High volumes of candy sales within the store have caused reoccurring traffic problems due to the candy counter’s location, according to Clegg.
“Traffic was occurring frequently at that pinch point of the BYU Store where the candy counter is, and I always felt there could be a better way to keep candy as a focal point, but find a solution for those pinch points,” he said.
Clegg planned to redesign the candy counter experience at the BYU Store since becoming director in July 2015. After doing some research into the history of the candy counter at BYU, Clegg struck gold.
“So much of retail is finding what used to resonate and bringing it back. After doing a little research, I found that the very first BYU candy store was called the ‘Sweet Stop,'” Clegg said. “I was up in Salt Lake, and I went into a store called Lolli and Pops, and I suddenly felt like this is what I had in my head for the store.”
BYU’s original “Sweet Stop” will be back and better than ever, according to Clegg.
“What is under construction right now will be that cool, nostalgic candy store. It will have all the candy we carry now and, in addition to that, a whole new line of chocolates,” Clegg said. “The candy shop will have a metal tin roof, white columns, a brand new wrap-around fudge counter with double the size candy cases that we have now and mosaic white floors.”
The new candy section will feel modern while still hearkening back to old-fashioned BYU, according to Clegg.
BYU student and store employee Matthew Heath said he is excited about the renovations taking place and thinks they will be a positive change for the BYU Store culture.

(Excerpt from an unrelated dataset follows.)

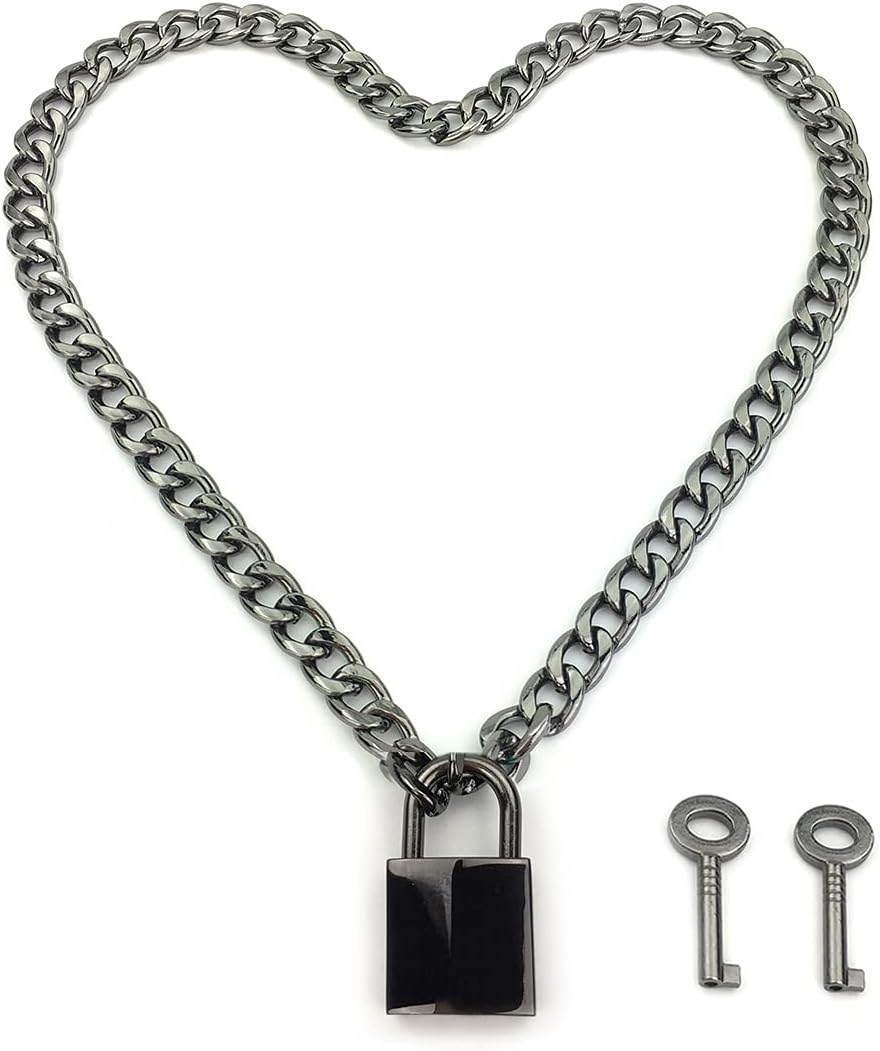 Succuba Padlock Necklace Chain Collar Choker with Two Keys and Box for Women and Men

“I think it will be a great throwback to BYU’s roots, helping students remember and alumni reconnect with the Y,” Heath said. “It will add a great social environment to the bookstore.”
However, BYU student Rebecca Shippen said she feels the timing of construction is inconvenient.

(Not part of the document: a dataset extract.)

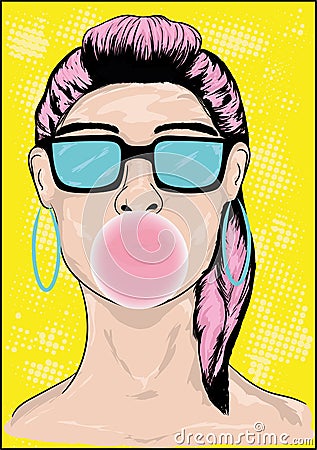 Cartoon girl with bubble gum Stock Photo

“I don’t really know why they would need a sweet shop right now. I feel like maybe it’s something they should do during the summer when there are fewer students,” Shippen said.
According to Clegg, the Sweet Stop candy shop should be finished by the end of November.
The rest of the main level renovations will include a new interactive learning discovery zone that will take the current location of women’s fashion in the southeast corner of the store. It will include all children’s and adult books, moving books back to the main level of the bookstore from their previous location on the third floor.
“It will feel like your neighborhood bookstore with features that immerse every customer in the spirit of the Y. It will be an interactive, family-centered learning environment,” Clegg said.
The middle of the store where the candy counter is now will be replaced with a new legacy collection highlighting different iconic BYU experiences to help customers “connect with the spirit of the Y,” Clegg said.